- Film poster
- Directed by: Laurent Bernier; Ghislain Ouellet;
- Written by: Darby McDevitt
- Story by: Alexandre Amancio; Jean Guesdon; Corey May; Louis-Pierre Pharand;
- Produced by: Louis-Pierre Pharand; Jean-Jacques Tremblay; Yves Guillemot; Serge Hascoët; Yannis Mallat; Sébastien Puel;
- Starring: Roger Craig Smith
- Music by: Jesper Kyd
- Production company: UbiWorkshop
- Distributed by: Ubisoft
- Release date: 15 November 2011 (Canada);
- Running time: 21 minutes
- Country: Canada

= Assassin's Creed: Embers =

Assassin's Creed: Embers is a 2011 Canadian animated short film created by UbiWorkshop, based on the Assassin's Creed video game franchise. It serves as a conclusion to the story of Ezio Auditore da Firenze, the protagonist of Assassin's Creed II, Brotherhood, and Revelations, who has also featured in several other works. Taking place in 1524, twelve years after the events of Revelations, the film depicts an elderly Ezio living a peaceful life with his family in rural Tuscany after retiring from the Assassin Order, until the appearance of a mysterious Assassin threatens to put his family in danger.

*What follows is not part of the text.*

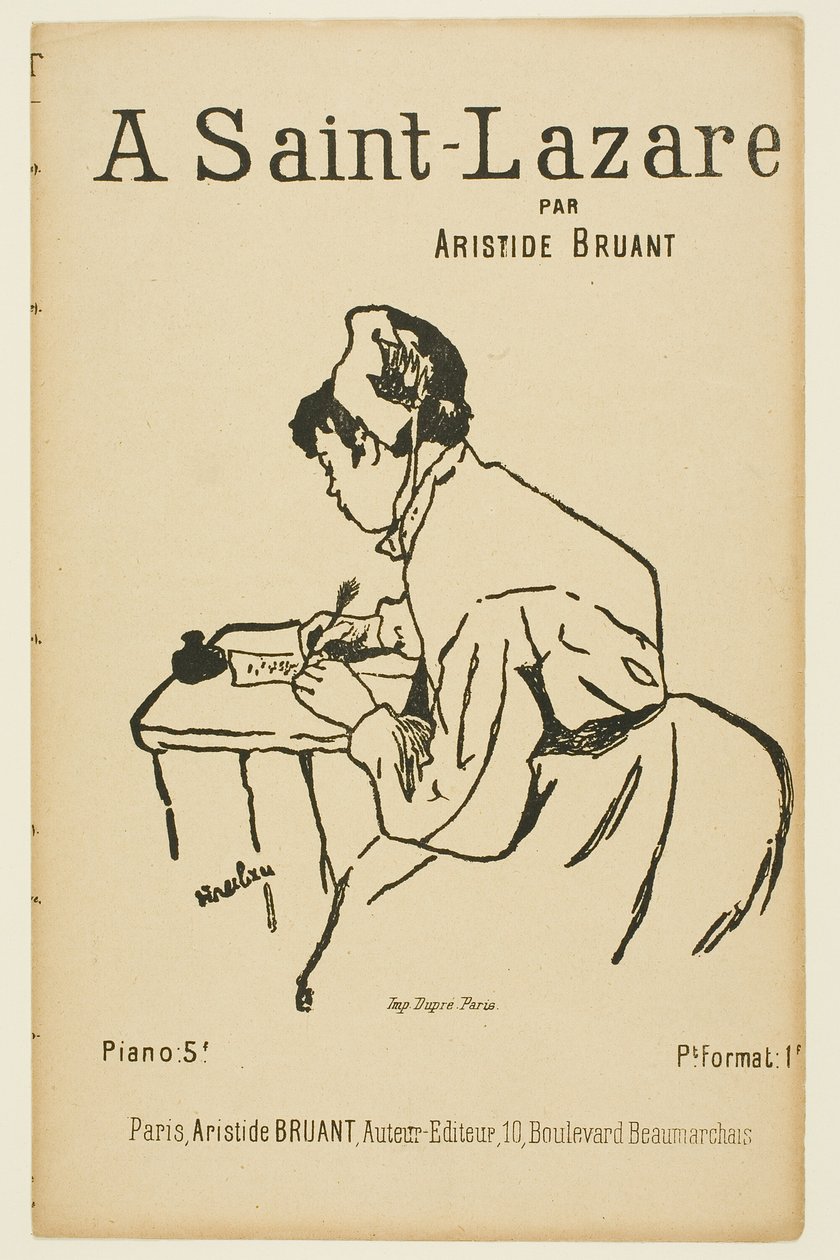 W Saint Lazare autorstwa Henri de Toulouse Lautrec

The film is included as a bonus in the Signature and Collector's Editions of Assassin's Creed: Revelations. It was later re-released on the PlayStation Store on 23 April 2015. The film was first revealed on July 21, 2011, when UbiWorkshop showed a teaser trailer at Comic-Con 2011. According to the developers, Embers is the final chapter of Ezio's story, and although it can be watched at anytime, it is best to experience it after completing Revelations, in order to fully understand the complete tale of Ezio.

== Plot ==
In 1524, twelve years after finding Altaïr's secret library, Ezio Auditore da Firenze has retired from the Assassin Order and is living a peaceful life in the Tuscan countryside with his wife Sofia and his children Flavia and Marcello while writing his memoirs. One day, a stranger appears, a Chinese Assassin named Shao Jun, who came to Ezio to seek knowledge of his life as an Assassin. Although Ezio prefers that Shao Jun not stay, due to his desire to leave his days as an Assassin behind, Sofia allows her to stay for the night. The next day, Ezio catches Shao Jun reading his memoirs and bids her to leave, but relents after she asks him about what it means to be an Assassin.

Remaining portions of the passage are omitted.